Microwave absorbers find their use in various applications, including the design of stealth systems, electromagnetic interference (EMI) shielding, and imaging technologies. To effectively use absorbers as an imaging tool, the two options available are (a) bolometer with resistance measurement and (b) bolometer coupled with thermal imaging. With the limitations of designing flat homogenous materials to absorb > 90%, it is possible to enhance the collection efficiency of the microwave radiation and improve the overall sensitivity. Instead of using a conventional lens system, designing a metamaterial (MM) flat lens that effectively focuses the microwave beam onto the absorber is better.

In this study, we explore the integration of an MM lens to improve the thermal response and bolometer-based imaging capabilities of a microwave absorber. We thus develop a suitable MM lens model to couple with the polymer nanocomposite (carbon nanotubes – polyvinylidene) absorber.

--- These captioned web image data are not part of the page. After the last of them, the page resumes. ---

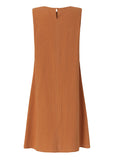 Momentlover Boho Orange O-Neck Slim Fit Exra Large Hem Cotton Dresses Sleeveless LY1711
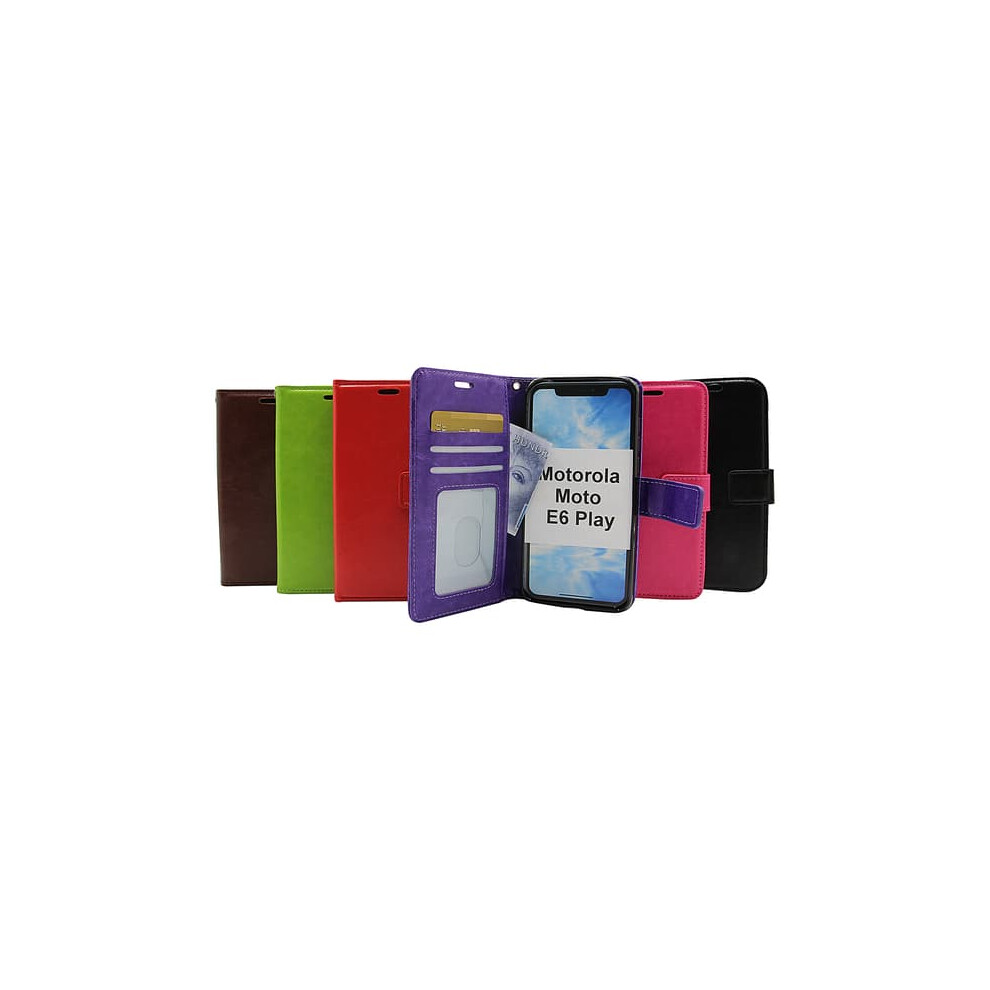 Crazy Horse Wallet For Motorola Moto E6 Play Black 962029536888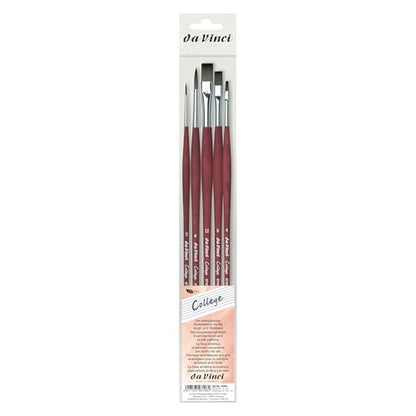 da Vinci Oil & Acrylic Brush Set 5269 - COLLEGE Synthetics - 5 Brush Set containing Series 8730 Round Size 2 & 6 plus Series 8740 Flat Size 4, 8 & 12 - Strong fibers that are easy to clean - Made in Germany - style: College Starter Set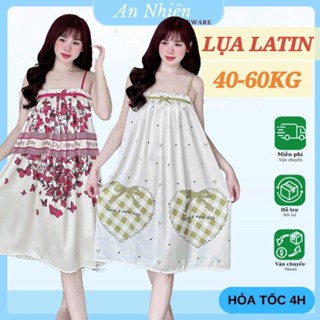 [40-70Kg] Đầm váy ngủ 2 dây Lụa Latin siêu mềm mịn và thoải mái - bầu bí bon chen được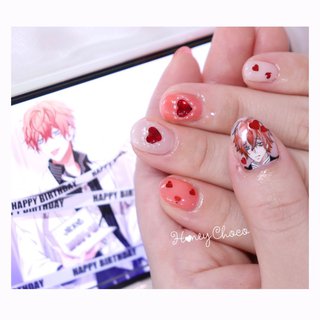 #ヒプマイネイル #ヒプマイ好きさんと繋がりたい #ハンド #ホログラム #ハート #痛ネイル #ショート #レッド #ジェルネイル #お客様 #Nail Salon＆school Honey Choco #ネイルブック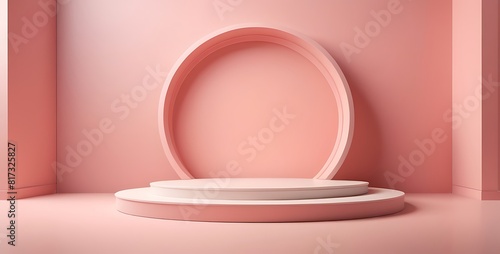 3D stage abstract. 3D background modern room product circle studio. © aoao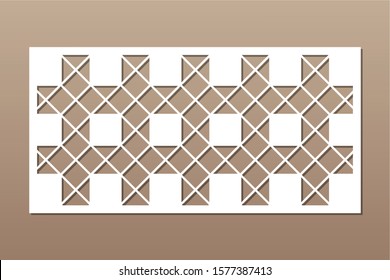 Decorative card for cutting. Recurring Artistic Arab Mosaic pattern. Laser cut. Ratio 1:2. Vector illustration.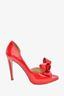 Valentino Red Patent Leather Bow Peep Toe Heels Size 40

This paper presents the design of an MM lens-integrated microwave absorber. A multi-physics simulation software, COMSOL, with its Electromagnetic Waves and Heat Transfer in Solids modules, is employed to design the MM lens and obtain the heating pattern of the custom-developed absorber. Furthermore, the feasibility of using such an enhanced absorber system for imaging applications, including potential benefits in spatial resolution and imaging quality, is explored.